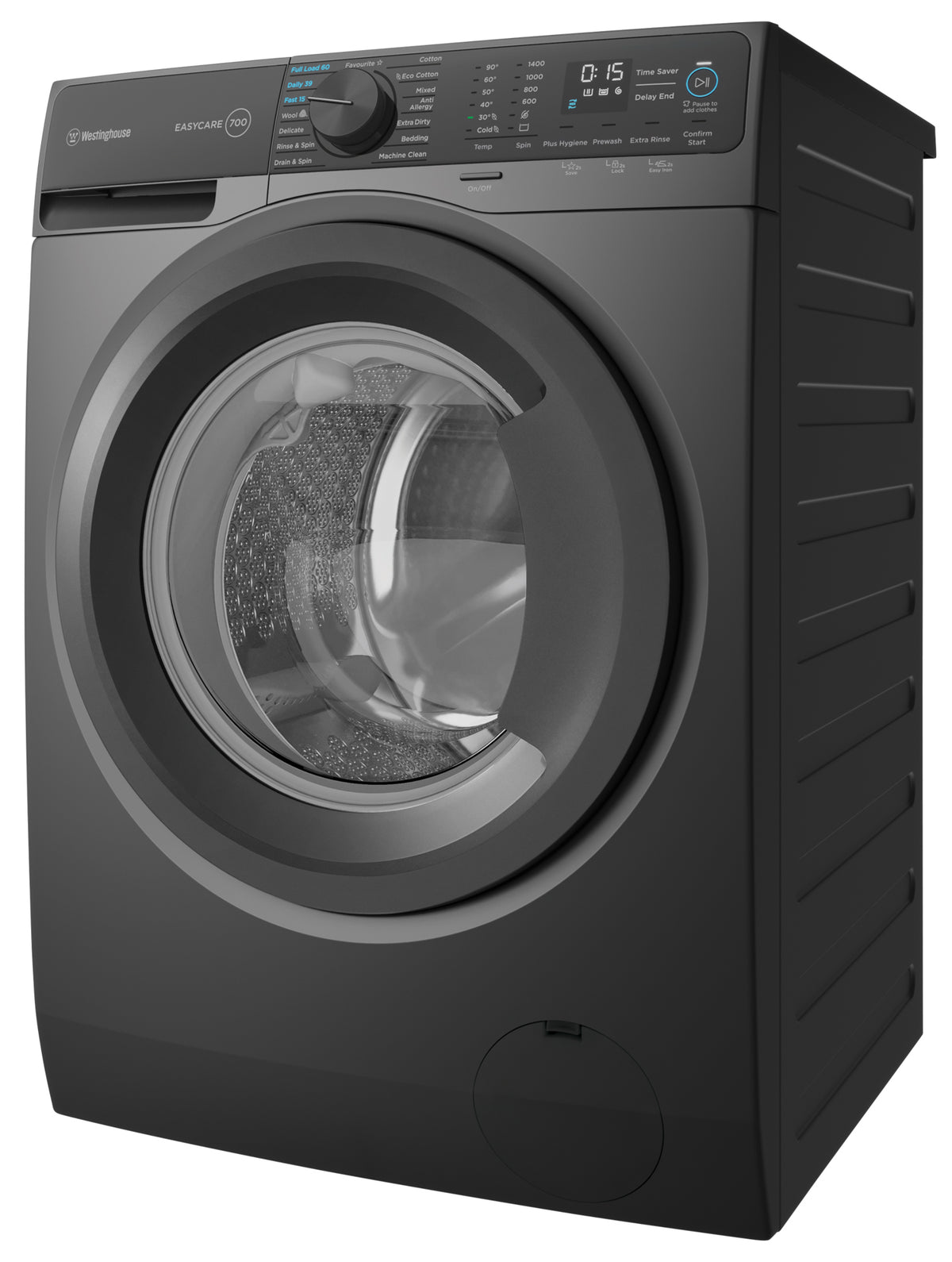 Westinghouse 10kg Front Load Washing Machine WWF1044M7SAS | Greater Sydney Only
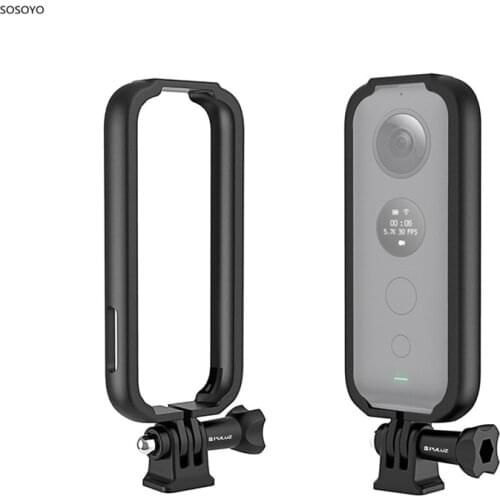 For Insta360 One X Protective Frame ABS Side border Protective case For Insta360 ONE X Sports Action Camera Accessories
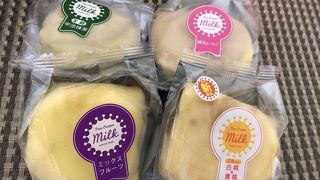 クレープ専門店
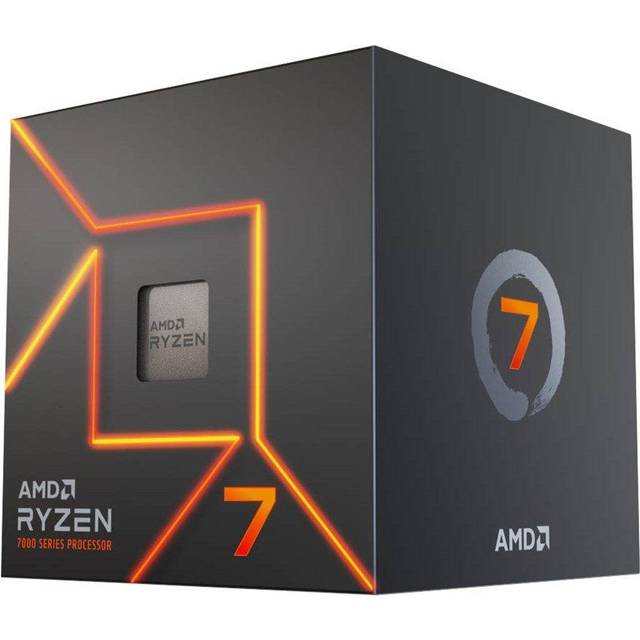 AMD Ryzen 7 7700 3.8GHz Socket AM5 Box • Prices »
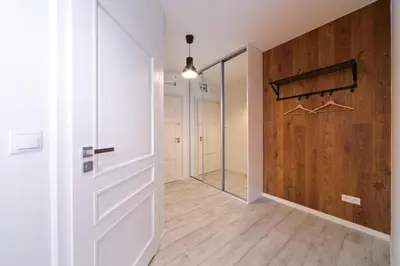 Plan piętra w obiekcie Apartamenty River View od WroclawApartament-pl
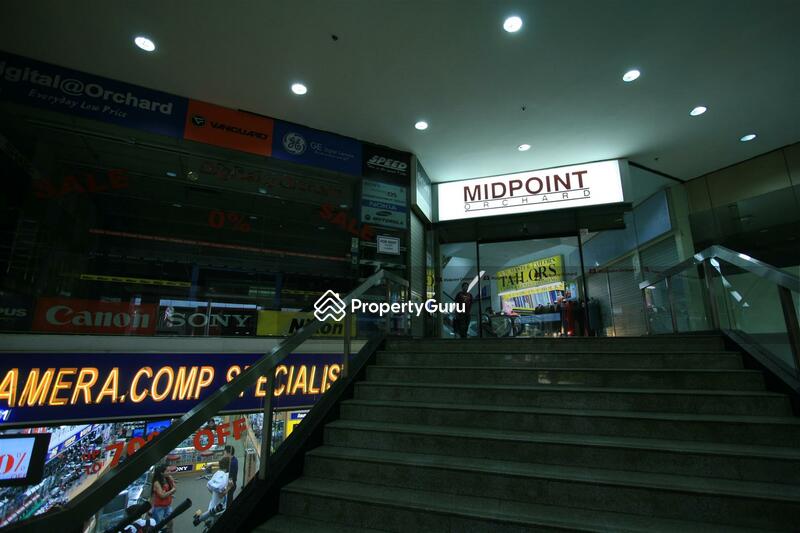 Midpoint Orchard #0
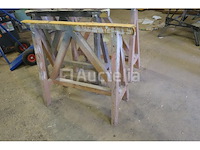 3 houten bruggen - afbeelding 4 van  7
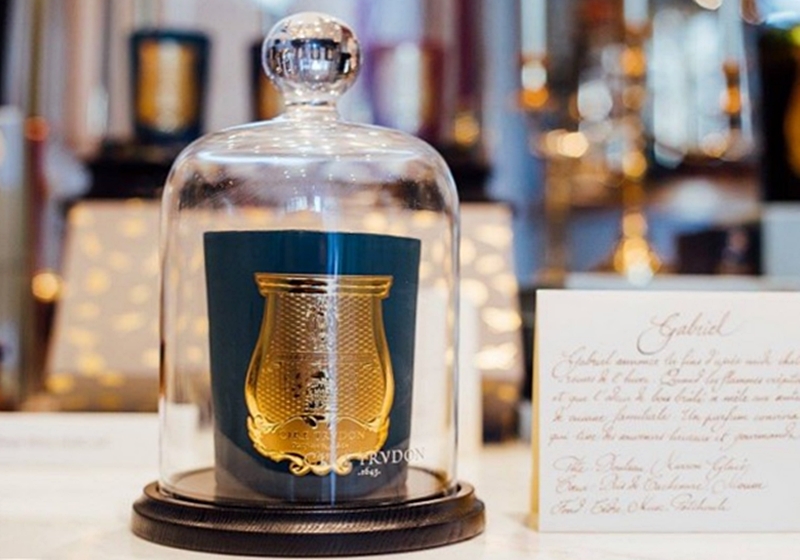 cire-trudon Bell Jar & Board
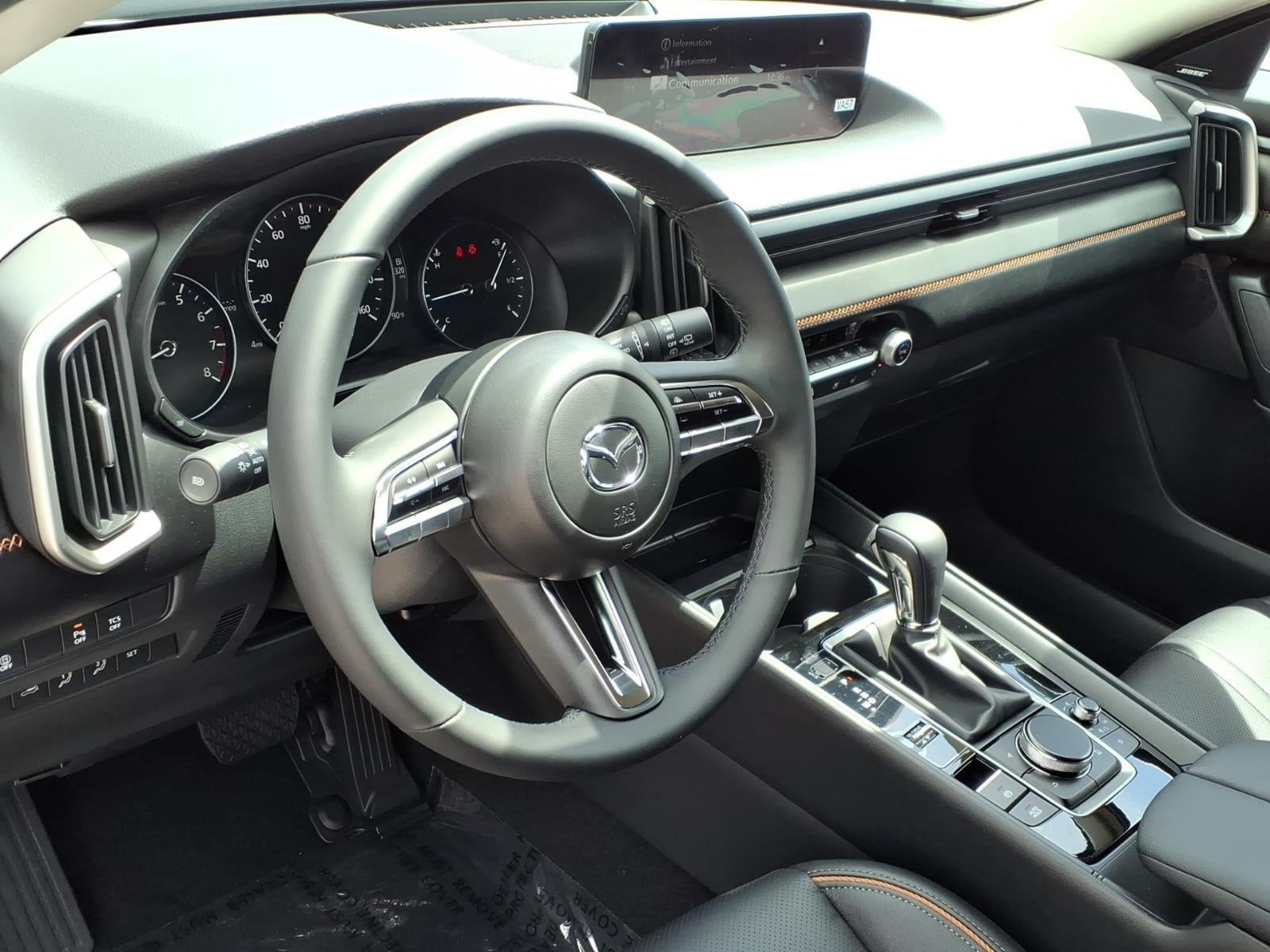 2026 Mazda Mazda CX-50 2.5 S Premium AWD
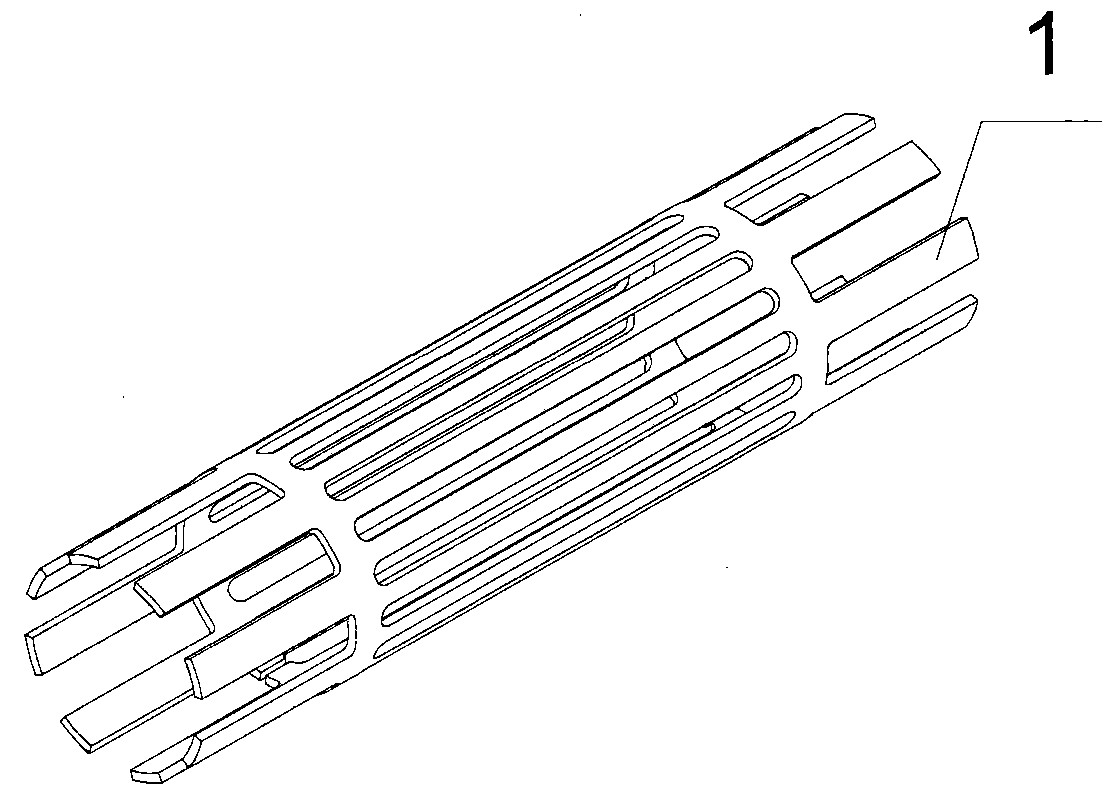 Jack electrical connector and manufacturing method thereof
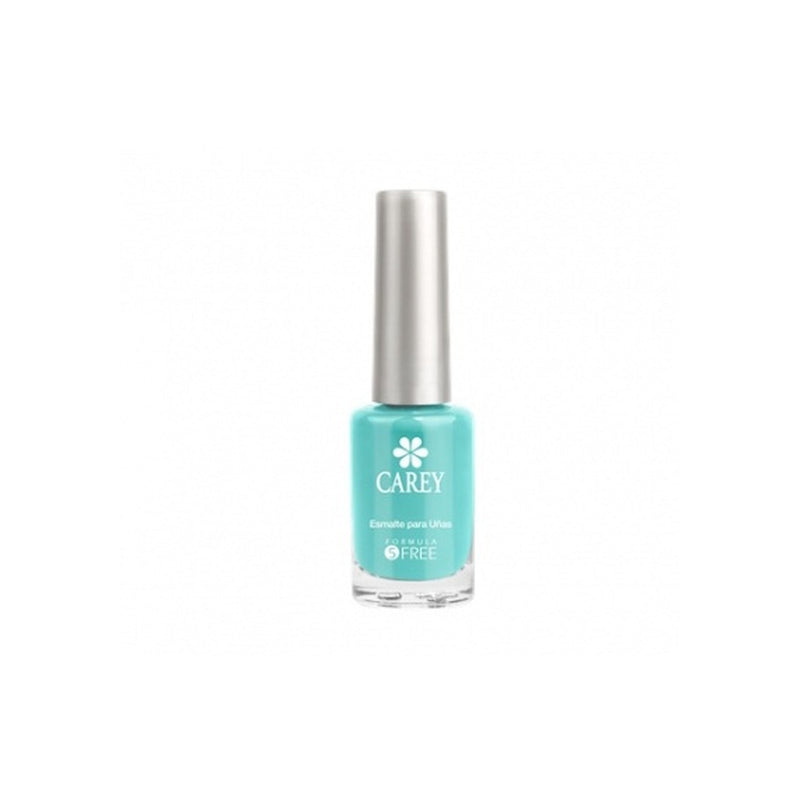 Esmalte Nacarado Carey Cremoso Verde Agua 137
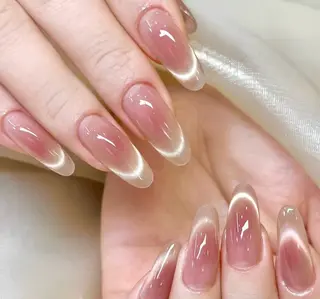 ネイル オーラ ネイルのネイルデザイン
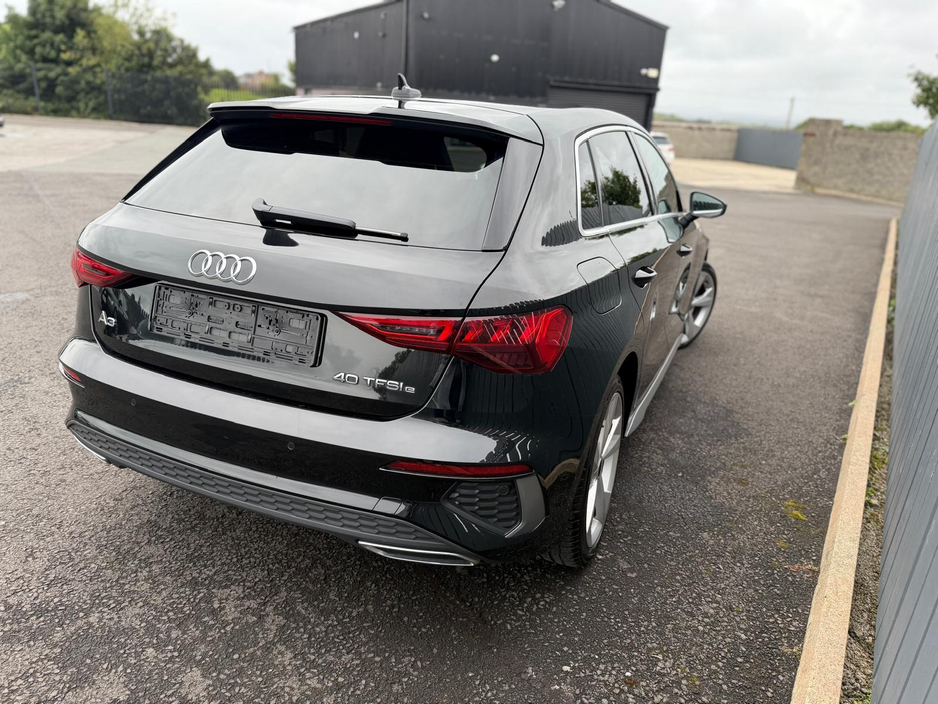 2022 Audi A3 1.4L Hybrid For Sale Images
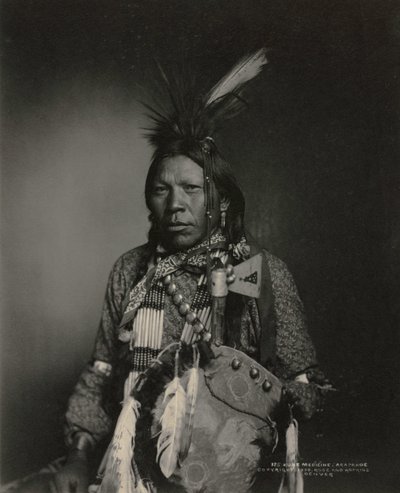 Suorittaa lääketieteen, Arapahoe, 1898-1899. tekijältä John K. Rose
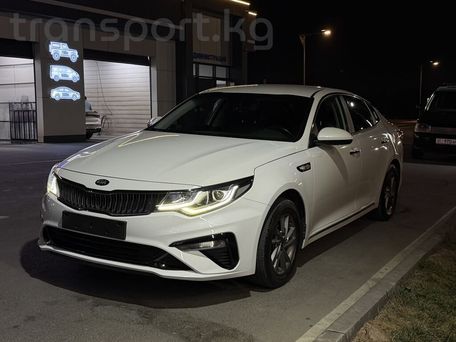Kia K5, 2019 — 照片 3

WHAT THIS TASK INVOLVES: Take the line containing "cire-trudon Bell Jar & Board" and every line after it to the end of the records, and restate them verbatim, with no pictures.

REPLY TO THE TASK:
 cire-trudon Bell Jar & Board
 2026 Mazda Mazda CX-50 2.5 S Premium AWD
 Jack electrical connector and manufacturing method thereof
 Esmalte Nacarado Carey Cremoso Verde Agua 137
 ネイル オーラ ネイルのネイルデザイン
 2022 Audi A3 1.4L Hybrid For Sale Images
 Suorittaa lääketieteen, Arapahoe, 1898-1899. tekijältä John K. Rose
Kia K5, 2019 — 照片 3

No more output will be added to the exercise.